[Scraped caption text data]
----
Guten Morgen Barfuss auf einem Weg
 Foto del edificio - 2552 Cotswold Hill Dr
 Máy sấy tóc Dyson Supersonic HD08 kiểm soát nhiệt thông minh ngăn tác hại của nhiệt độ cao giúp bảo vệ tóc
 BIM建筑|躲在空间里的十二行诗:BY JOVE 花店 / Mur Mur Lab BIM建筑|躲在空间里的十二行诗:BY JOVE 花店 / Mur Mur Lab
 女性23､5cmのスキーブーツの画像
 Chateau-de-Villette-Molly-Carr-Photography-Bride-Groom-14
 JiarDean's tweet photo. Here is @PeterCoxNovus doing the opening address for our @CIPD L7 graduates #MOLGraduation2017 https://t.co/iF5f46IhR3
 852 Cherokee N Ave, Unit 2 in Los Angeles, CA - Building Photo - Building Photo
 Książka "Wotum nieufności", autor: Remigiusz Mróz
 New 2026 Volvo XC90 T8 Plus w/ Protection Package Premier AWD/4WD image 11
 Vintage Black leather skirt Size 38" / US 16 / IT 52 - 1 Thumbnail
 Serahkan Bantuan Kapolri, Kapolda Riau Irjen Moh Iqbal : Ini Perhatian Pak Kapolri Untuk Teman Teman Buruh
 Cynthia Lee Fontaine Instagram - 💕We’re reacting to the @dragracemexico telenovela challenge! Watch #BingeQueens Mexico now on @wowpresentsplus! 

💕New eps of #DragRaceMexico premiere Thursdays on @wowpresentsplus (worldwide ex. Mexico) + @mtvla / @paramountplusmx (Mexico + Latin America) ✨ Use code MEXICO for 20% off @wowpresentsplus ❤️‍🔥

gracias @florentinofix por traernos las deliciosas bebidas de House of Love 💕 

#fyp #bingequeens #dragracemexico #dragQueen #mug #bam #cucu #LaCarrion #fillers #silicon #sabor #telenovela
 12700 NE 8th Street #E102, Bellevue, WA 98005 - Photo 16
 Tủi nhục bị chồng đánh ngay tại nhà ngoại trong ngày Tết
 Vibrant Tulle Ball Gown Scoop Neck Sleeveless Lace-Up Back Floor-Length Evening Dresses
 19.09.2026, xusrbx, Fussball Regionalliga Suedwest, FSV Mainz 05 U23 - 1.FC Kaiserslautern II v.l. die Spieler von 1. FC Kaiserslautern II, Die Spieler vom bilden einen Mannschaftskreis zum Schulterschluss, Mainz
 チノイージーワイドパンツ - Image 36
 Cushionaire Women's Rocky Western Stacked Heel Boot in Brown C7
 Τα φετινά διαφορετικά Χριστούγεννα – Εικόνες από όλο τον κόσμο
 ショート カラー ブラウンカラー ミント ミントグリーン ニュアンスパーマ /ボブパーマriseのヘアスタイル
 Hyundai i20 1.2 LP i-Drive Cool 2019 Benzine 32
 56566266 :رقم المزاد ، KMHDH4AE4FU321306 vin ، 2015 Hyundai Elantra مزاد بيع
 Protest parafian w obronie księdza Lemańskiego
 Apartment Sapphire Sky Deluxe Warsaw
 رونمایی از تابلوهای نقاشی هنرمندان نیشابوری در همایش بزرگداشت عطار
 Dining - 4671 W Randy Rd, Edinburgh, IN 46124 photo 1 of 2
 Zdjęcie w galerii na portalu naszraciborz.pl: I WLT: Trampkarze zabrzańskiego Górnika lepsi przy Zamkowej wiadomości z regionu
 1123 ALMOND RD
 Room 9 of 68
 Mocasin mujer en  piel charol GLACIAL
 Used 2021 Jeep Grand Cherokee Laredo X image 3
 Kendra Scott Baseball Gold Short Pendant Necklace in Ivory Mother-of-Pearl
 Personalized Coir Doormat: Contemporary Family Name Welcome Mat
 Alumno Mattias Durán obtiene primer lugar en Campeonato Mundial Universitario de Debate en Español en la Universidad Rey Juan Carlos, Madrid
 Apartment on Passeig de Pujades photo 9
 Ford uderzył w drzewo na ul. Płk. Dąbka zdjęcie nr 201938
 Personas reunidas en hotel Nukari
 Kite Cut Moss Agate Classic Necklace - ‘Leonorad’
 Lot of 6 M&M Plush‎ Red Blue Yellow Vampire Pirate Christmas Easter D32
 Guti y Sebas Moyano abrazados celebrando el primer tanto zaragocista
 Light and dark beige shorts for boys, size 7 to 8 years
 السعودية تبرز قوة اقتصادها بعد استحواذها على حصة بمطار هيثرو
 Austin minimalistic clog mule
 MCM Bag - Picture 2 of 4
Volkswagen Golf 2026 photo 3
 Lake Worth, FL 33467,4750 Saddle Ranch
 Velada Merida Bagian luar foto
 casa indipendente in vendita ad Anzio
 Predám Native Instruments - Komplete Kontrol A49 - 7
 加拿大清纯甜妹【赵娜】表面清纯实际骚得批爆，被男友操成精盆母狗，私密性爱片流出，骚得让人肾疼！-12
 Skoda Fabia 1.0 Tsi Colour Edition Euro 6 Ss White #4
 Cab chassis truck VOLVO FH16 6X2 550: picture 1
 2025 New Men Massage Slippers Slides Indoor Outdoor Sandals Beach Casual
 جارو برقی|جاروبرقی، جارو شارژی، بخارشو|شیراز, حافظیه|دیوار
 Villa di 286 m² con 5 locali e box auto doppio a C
----
Task details –
Repeat the whole of the data above exactly as it appears.

Expected answer –
Guten Morgen Barfuss auf einem Weg
 Foto del edificio - 2552 Cotswold Hill Dr
 Máy sấy tóc Dyson Supersonic HD08 kiểm soát nhiệt thông minh ngăn tác hại của nhiệt độ cao giúp bảo vệ tóc
 BIM建筑|躲在空间里的十二行诗:BY JOVE 花店 / Mur Mur Lab BIM建筑|躲在空间里的十二行诗:BY JOVE 花店 / Mur Mur Lab
 女性23､5cmのスキーブーツの画像
 Chateau-de-Villette-Molly-Carr-Photography-Bride-Groom-14
 JiarDean's tweet photo. Here is @PeterCoxNovus doing the opening address for our @CIPD L7 graduates #MOLGraduation2017 https://t.co/iF5f46IhR3
 852 Cherokee N Ave, Unit 2 in Los Angeles, CA - Building Photo - Building Photo
 Książka "Wotum nieufności", autor: Remigiusz Mróz
 New 2026 Volvo XC90 T8 Plus w/ Protection Package Premier AWD/4WD image 11
 Vintage Black leather skirt Size 38" / US 16 / IT 52 - 1 Thumbnail
 Serahkan Bantuan Kapolri, Kapolda Riau Irjen Moh Iqbal : Ini Perhatian Pak Kapolri Untuk Teman Teman Buruh
 Cynthia Lee Fontaine Instagram - 💕We’re reacting to the @dragracemexico telenovela challenge! Watch #BingeQueens Mexico now on @wowpresentsplus! 

💕New eps of #DragRaceMexico premiere Thursdays on @wowpresentsplus (worldwide ex. Mexico) + @mtvla / @paramountplusmx (Mexico + Latin America) ✨ Use code MEXICO for 20% off @wowpresentsplus ❤️‍🔥

gracias @florentinofix por traernos las deliciosas bebidas de House of Love 💕 

#fyp #bingequeens #dragracemexico #dragQueen #mug #bam #cucu #LaCarrion #fillers #silicon #sabor #telenovela
 12700 NE 8th Street #E102, Bellevue, WA 98005 - Photo 16
 Tủi nhục bị chồng đánh ngay tại nhà ngoại trong ngày Tết
 Vibrant Tulle Ball Gown Scoop Neck Sleeveless Lace-Up Back Floor-Length Evening Dresses
 19.09.2026, xusrbx, Fussball Regionalliga Suedwest, FSV Mainz 05 U23 - 1.FC Kaiserslautern II v.l. die Spieler von 1. FC Kaiserslautern II, Die Spieler vom bilden einen Mannschaftskreis zum Schulterschluss, Mainz
 チノイージーワイドパンツ - Image 36
 Cushionaire Women's Rocky Western Stacked Heel Boot in Brown C7
 Τα φετινά διαφορετικά Χριστούγεννα – Εικόνες από όλο τον κόσμο
 ショート カラー ブラウンカラー ミント ミントグリーン ニュアンスパーマ /ボブパーマriseのヘアスタイル
 Hyundai i20 1.2 LP i-Drive Cool 2019 Benzine 32
 56566266 :رقم المزاد ، KMHDH4AE4FU321306 vin ، 2015 Hyundai Elantra مزاد بيع
 Protest parafian w obronie księdza Lemańskiego
 Apartment Sapphire Sky Deluxe Warsaw
 رونمایی از تابلوهای نقاشی هنرمندان نیشابوری در همایش بزرگداشت عطار
 Dining - 4671 W Randy Rd, Edinburgh, IN 46124 photo 1 of 2
 Zdjęcie w galerii na portalu naszraciborz.pl: I WLT: Trampkarze zabrzańskiego Górnika lepsi przy Zamkowej wiadomości z regionu
 1123 ALMOND RD
 Room 9 of 68
 Mocasin mujer en  piel charol GLACIAL
 Used 2021 Jeep Grand Cherokee Laredo X image 3
 Kendra Scott Baseball Gold Short Pendant Necklace in Ivory Mother-of-Pearl
 Personalized Coir Doormat: Contemporary Family Name Welcome Mat
 Alumno Mattias Durán obtiene primer lugar en Campeonato Mundial Universitario de Debate en Español en la Universidad Rey Juan Carlos, Madrid
 Apartment on Passeig de Pujades photo 9
 Ford uderzył w drzewo na ul. Płk. Dąbka zdjęcie nr 201938
 Personas reunidas en hotel Nukari
 Kite Cut Moss Agate Classic Necklace - ‘Leonorad’
 Lot of 6 M&M Plush‎ Red Blue Yellow Vampire Pirate Christmas Easter D32
 Guti y Sebas Moyano abrazados celebrando el primer tanto zaragocista
 Light and dark beige shorts for boys, size 7 to 8 years
 السعودية تبرز قوة اقتصادها بعد استحواذها على حصة بمطار هيثرو
 Austin minimalistic clog mule
 MCM Bag - Picture 2 of 4
Volkswagen Golf 2026 photo 3
 Lake Worth, FL 33467,4750 Saddle Ranch
 Velada Merida Bagian luar foto
 casa indipendente in vendita ad Anzio
 Predám Native Instruments - Komplete Kontrol A49 - 7
 加拿大清纯甜妹【赵娜】表面清纯实际骚得批爆，被男友操成精盆母狗，私密性爱片流出，骚得让人肾疼！-12
 Skoda Fabia 1.0 Tsi Colour Edition Euro 6 Ss White #4
 Cab chassis truck VOLVO FH16 6X2 550: picture 1
 2025 New Men Massage Slippers Slides Indoor Outdoor Sandals Beach Casual
 جارو برقی|جاروبرقی، جارو شارژی، بخارشو|شیراز, حافظیه|دیوار
 Villa di 286 m² con 5 locali e box auto doppio a C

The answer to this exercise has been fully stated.